I recently celebrated the publication of my fourth novel If You’re Reading This. This book, about a sixteen-year-old young man who begins to receive letters that his soldier father wrote before he was killed in the war in Afghanistan, is my attempt to say goodbye to this long war that has affected millions of American young people. My goal with If You’re Reading This isn’t to convince anyone to support or to protest the war, but to offer the reader a sense of what the mission in Afghanistan has meant to Afghans, to the soldiers who served, and to the families who sacrificed in support of that service. If I can help even one young person who has missed his deployed loved ones, then I’ll have done my job. An entire generation of young people has grown up, enduring the sacrifices in support of our long wars, and I believe they deserve to know why. They deserve to know that they’re not alone and that their sacrifices are valued and appreciated.
I wonder if a great deal of the problems we continue to face in society may be at least partially the result of too many people trying to “change the world,” of too many people stuck in a default mode of thinking in sweeping generalizations, of seeing in each person they encounter, not an individual in all his rich complexities, but rather as a subset of a larger group with all the potentially problematic assumptions that view can bring. My YA trilogy Divided We Fall depicts America’s political divide stretched out to its furthest nightmarish extreme. In my story, this division has resulted from two sides, two clashing socio-political ideologies that are both trying to “change the world” for what each of them believes is the better. Instead of communicating with individuals person to person in order to seek common ground and practical solutions, the people in Divided We Fall flock to those whose thoughts and ideologies mirror their own.
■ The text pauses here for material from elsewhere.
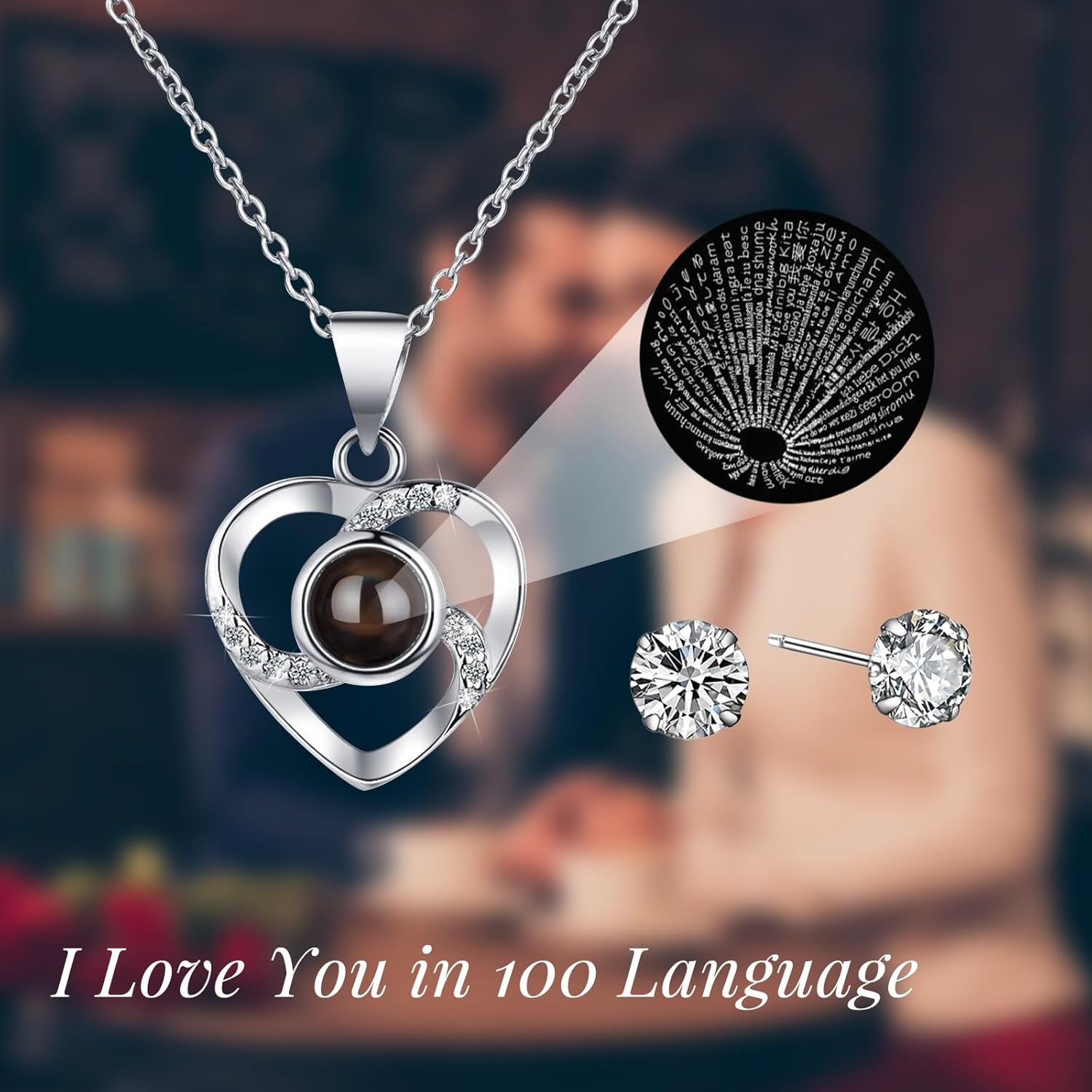 LIAN Preserved Rose Gift Box with Necklace and 925 Sterling Silver Earrings Eternal Rose Birthday Women Wife Mum Girlfriend Valentine&rsquo;S Day Anniversary Mother&rsquo;S Day image number 6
Safe in those self-affirming alliances, they set about trying to “change the world” by hurling partisan insults and blanket accusations at their adversaries, until all they’re left with is the divide itself.
Ten years ago, in the violent maw of another divide, Katherine Paterson’s Bridge to Terabithia reminded me of the life saving power of books, of each book’s awesome potential to connect the individual to hope and a better life. I believe that all the wars, weapons, and worries of the world could be overcome if each individual strove to live for the positive and uplifting. Nothing brings an individual to that way of thinking better than the real human connection that is possible through the pages of a book.